If this document were validated with dom.Writer , the following validity errors would be detected by Xerces:

 [Error] addressdoc.xml:4:13: Element type "b" must be declared. [Error] addressdoc.xml:4:31: Datatype error: In element 'fullName' : Can not  have element children within a simple type content.

17.2.1 Document Organization

Now that there is a basic schema and a valid document from which to work, it is time to examine the structure of a schema document and its contents. Every schema document consists of a single root xs:schema element. This element contains declarations for all elements and attributes that may appear in a valid instance document.

The XML elements that make up an XML Schema must belong to the XML Schema namespace ( http://www.w3.org/2001/XMLSchema ), which is frequently associated with the xs : prefix. For the remainder of this chapter, all schema elements will be written using the xs : prefix to indicate that they belong to the Schema namespace.

Instance elements declared using top-level xs:element elements in the schema (immediate child elements of the xs:schema element) are considered global elements. For example, the simple schema in Example 17-2 globally declares one element: fullName . According to the rules of schema construction, any element that is declared globally may appear as the root element of an instance document.

In this case, since only one element has been declared, that shouldn't be a problem. But when building more complex schemas, this side effect must be taken into consideration. If more than one element is declared globally, a schema-valid document may not contain the root element you expect.

Naming conflicts are another potential problem with multiple global declarations. When writing schema declarations, it is an error to declare two things of the same type at the same scope. For instance, trying to declare two global elements called fullName would generate an error. But declaring an element and an attribute with the same name would not create a conflict because the two names are not used in the same way.

17.2.2 Annotations

Now that there is a working schema, it's good practice to include some documentary material about who authored it, what it was for, any copyright restrictions, etc.
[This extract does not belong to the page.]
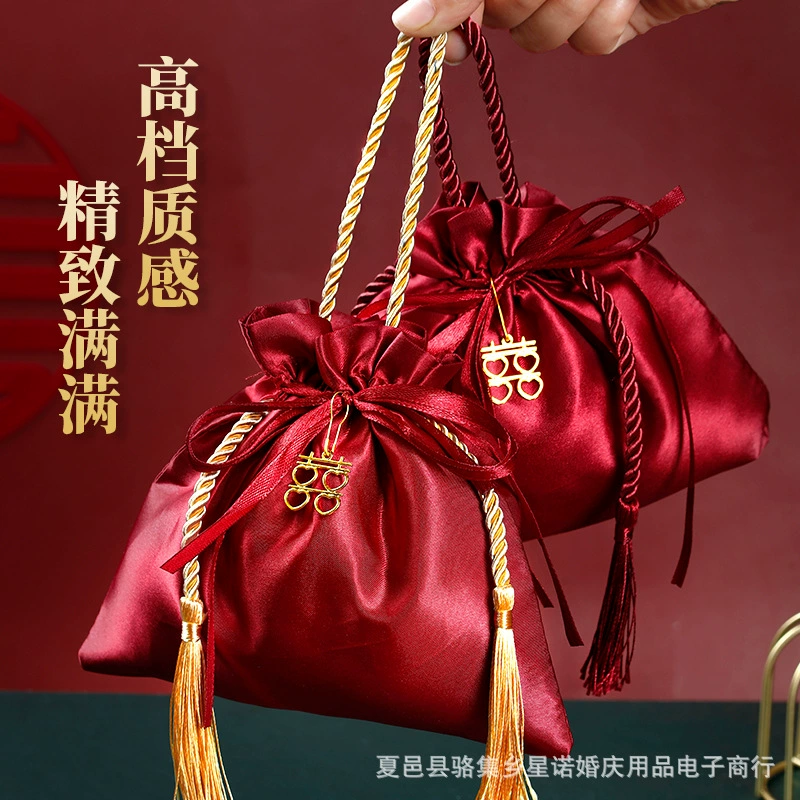 Свадебные принадлежности Портативная сумка для конфет Новая китайская и Европейская тканевая сумка Возврат коробки конфет Сопровождающая Сетчатая Сумка для упаковки конфет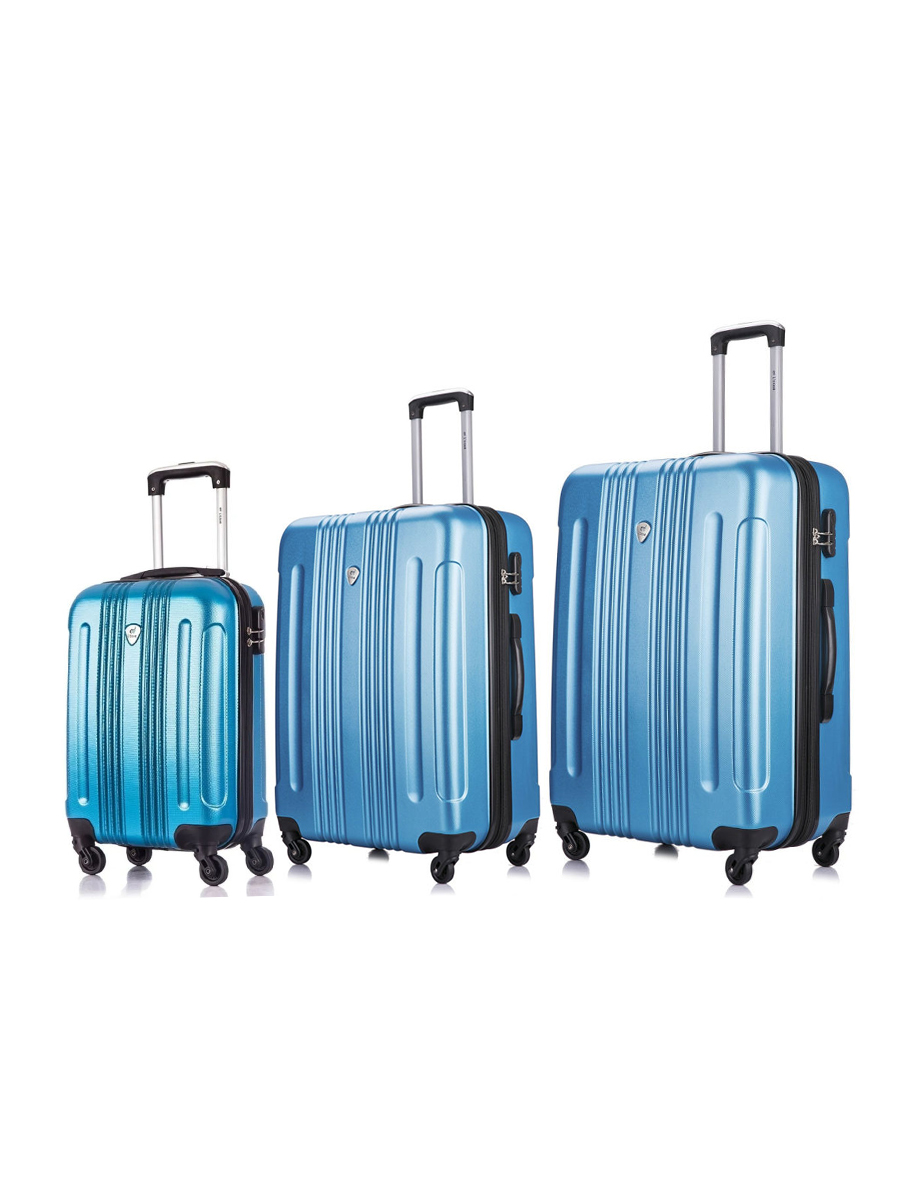 Комплект чемоданов женский L'Case Bangkok голубой, S/M/L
Since an XML Schema document is an XML document in its own right, one simple option would be to use XML comments to include documentary information.

The major drawback to using XML comments is that parsers are not obliged to keep comments intact when parsing XML documents, and applications have to do a lot of work to negotiate their internal structures. This increases the likelihood that, at some point, important documentation will be lost during an otherwise harmless transformation or edit. Encoding documentation as markup inline with the element and type declarations they refer to opens up endless possibilities for automatic documentation generation.

To accommodate this extra information, most schema elements may contain an optional xs:annotation element as their first child element. The annotation element may then, in turn , contain any combination of xs:documentation and xs:appinfo elements, which are provided to contain extra human-readable and machine-readable information, respectively.

17.2.2.1 The xs:documentation element

As a concrete example, let's add some authorship and copyright information to the simple schema document, as shown in Example 17-4.

Example 17-4. address-schema.xsd with annotation

 <xs:schema xmlns:xsi="http://www.w3.org/2001/XMLSchema">     <xs:annotation>   <xs:documentation xml:lang="en-US">     Simple schema example from O'Reilly's     <a href="http://www.oreilly.com/catalog/xmlnut">XML in a Nutshell.</a>     Copyright 2004 O'Reilly Media, Inc.   </xs:documentation>  </xs:annotation>     <xs:element name="fullName" type="xs:string"/>    </xs:schema>

The xs:documentation element permits an xml:lang attribute to identify the language of the brief message. This attribute can also be applied to the xs:schema element to set the default language for the entire document. For more information about using the xml:lang attribute, see Chapter 5 and Chapter 21.

Also, notice that the documentation element contains additional markup: an a element ( la HTML). The xs:documentation element is allowed to contain any well-formed XML, not just schema elements.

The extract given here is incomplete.